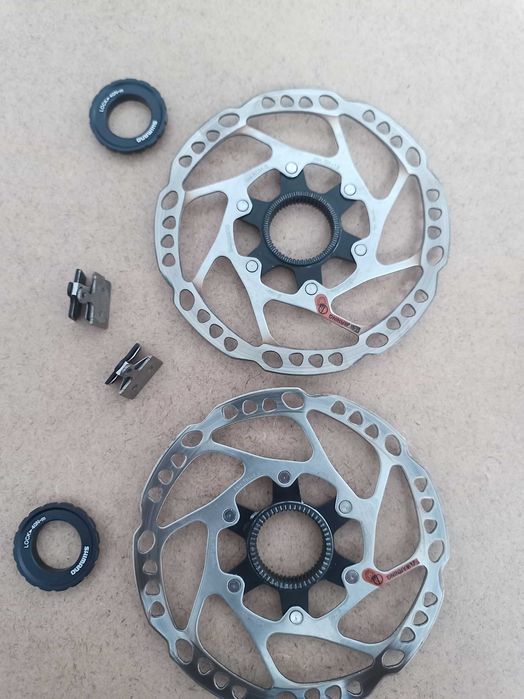 conjunto discos shimano SM RT-64-S 160mm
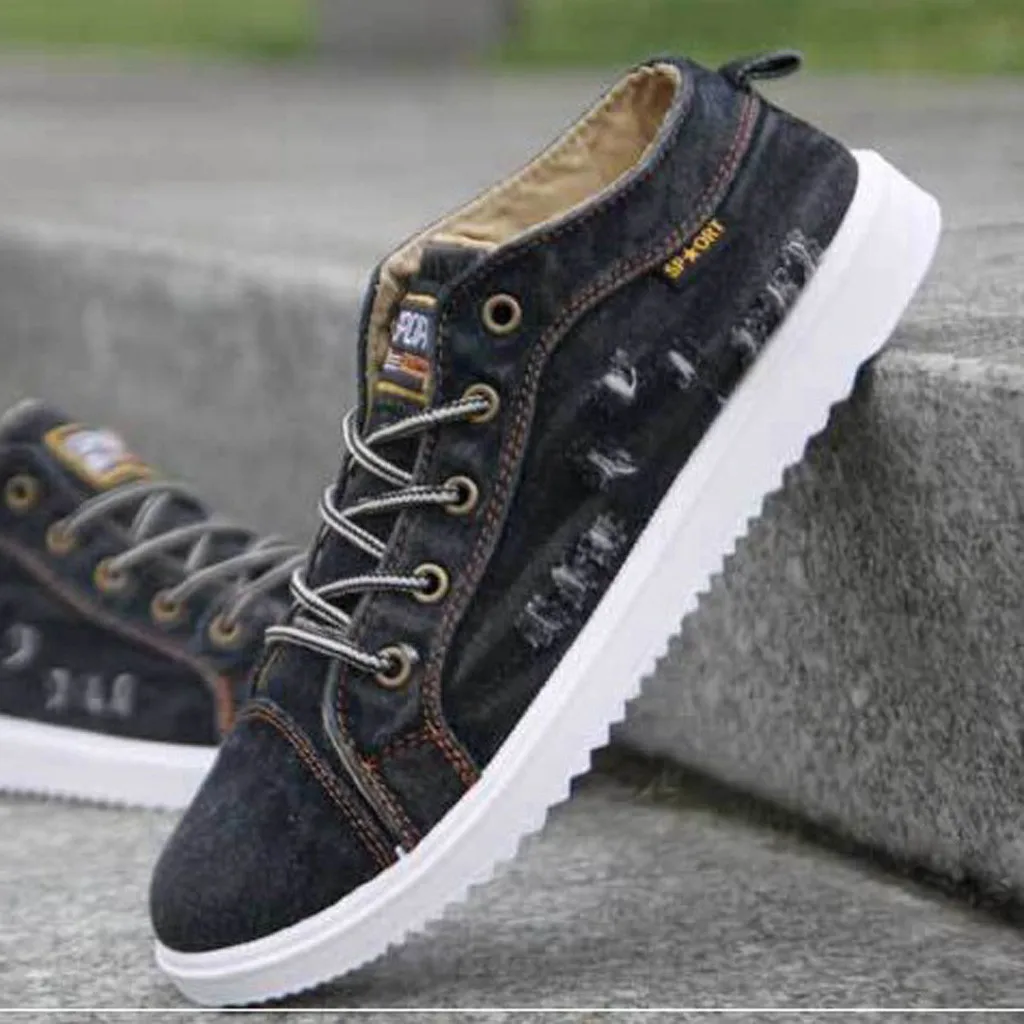 Large Size Men Casual Shoes Denim Canvas Sneakers Men High Top Sneakers Shoes Breathable Trainers Men Shoes Zapatillas Hombre
Large Size Men Casual Shoes Denim Canvas Sneakers Men High Top Sneakers Shoes Breathable Trainers Men Shoes Zapatillas Hombre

PROBLEM STATEMENT> Leave out the images and copy all remaining data word for word.

TASK OUTPUT>
 conjunto discos shimano SM RT-64-S 160mm
 Large Size Men Casual Shoes Denim Canvas Sneakers Men High Top Sneakers Shoes Breathable Trainers Men Shoes Zapatillas Hombre
Large Size Men Casual Shoes Denim Canvas Sneakers Men High Top Sneakers Shoes Breathable Trainers Men Shoes Zapatillas Hombre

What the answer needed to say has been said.